The farming of oysters has been happening in Virginia in large volumes for a long time. What is happening now is an expansion to the use of hatchery-raised oyster seed as opposed to the cultivation of wild oyster seed. Hatchery-raised seed is most often used for culturing single oysters, usually in bottom or floating cages, that are eaten raw on the half-shell or used in dishes like oysters Rockefeller. Wild oyster seed is grown on the bottom for shucking oysters that end up in fried oyster baskets or casseroles.
Would your great-great grandfather recognize the business today?
Probably. Even back in our early days we were seeding private oyster beds. But he would most likely be in awe of how much more we have to work to cultivate and farm these products than was done historically.
Decades ago there were many earning a living as watermen, now there are fewer but larger businesses involved in oystering. Is there room in the industry for smaller competitors today?
I do not believe the decline in watermen is due to the proliferation of fewer and larger businesses.
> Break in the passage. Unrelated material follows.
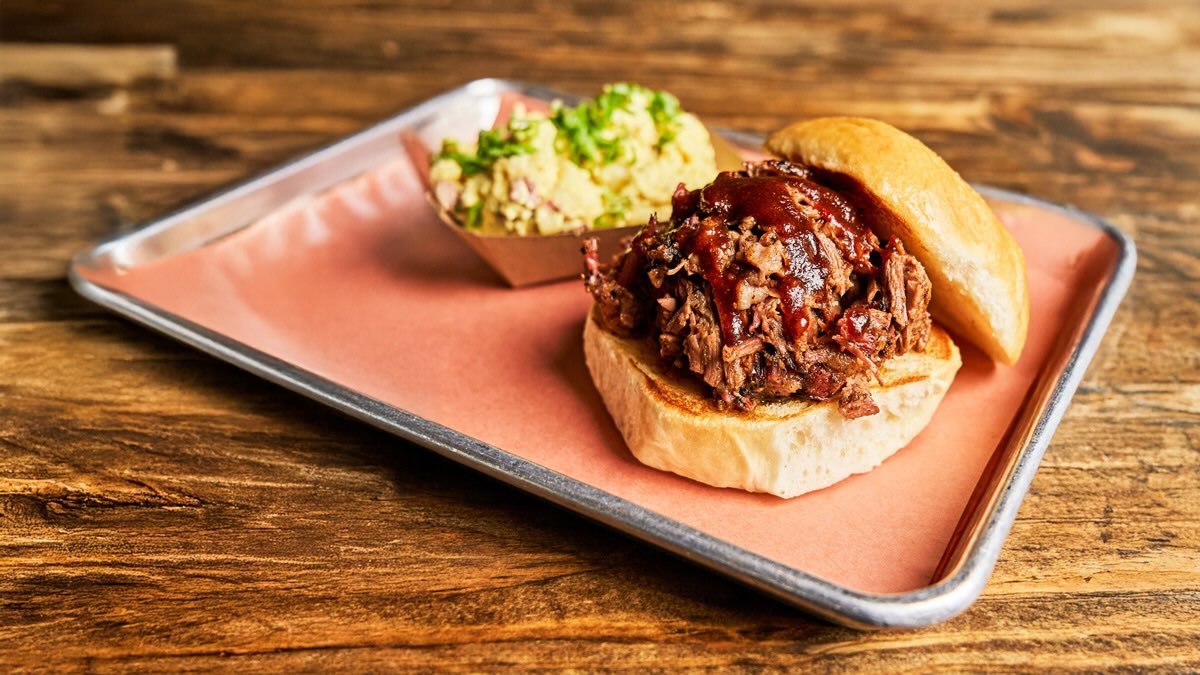 American Airlines Brings Texas BBQ To First Class With Pecan Lodge Partnership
Similar trends have occurred in other industries, but not in the shellfish industry. The decline in the number of watermen in Virginia is largely due to the lack of oysters. Virginia’s oyster industry is a fraction of the size it used to be. Oysters used to be consumed as a bar snack much the way peanuts are consumed today. While there has been growth in the industry in recent years, oyster populations are still at 1 percent of historic levels. The shellfish industry is still very fragmented and is made up of small businesses, so there is absolutely room for small companies. The hardest thing about our industry is finding people who want to work on the water. Everything is harder on the water and Mother Nature has a way of punishing you for every mistake you make.
What does it take to be successful in this business?
The only thing that is required is to have an extreme passion for producing shellfish. It often doesn’t make sense, and the profits come nowhere close to justifying the risk. Someone once told me that they believed my grandfather would abandon a dump truck full of gold on the side of a bridge if he thought there was a bushel of oysters in the water below.
How do you like your oysters and who do you like to eat them with?
I like my oysters full of salt—Seasides only! And naked with no sauce or condiments. My favorite person to eat oysters with is Mike McGee, an “Old Salt” from Chincoteague Island who helps us grow our Chincoteague Salts. No matter how great of an oyster we might be enjoying, Mike will have a million reasons why it isn’t as good as a Chincoteague Salt from Pope’s Bay.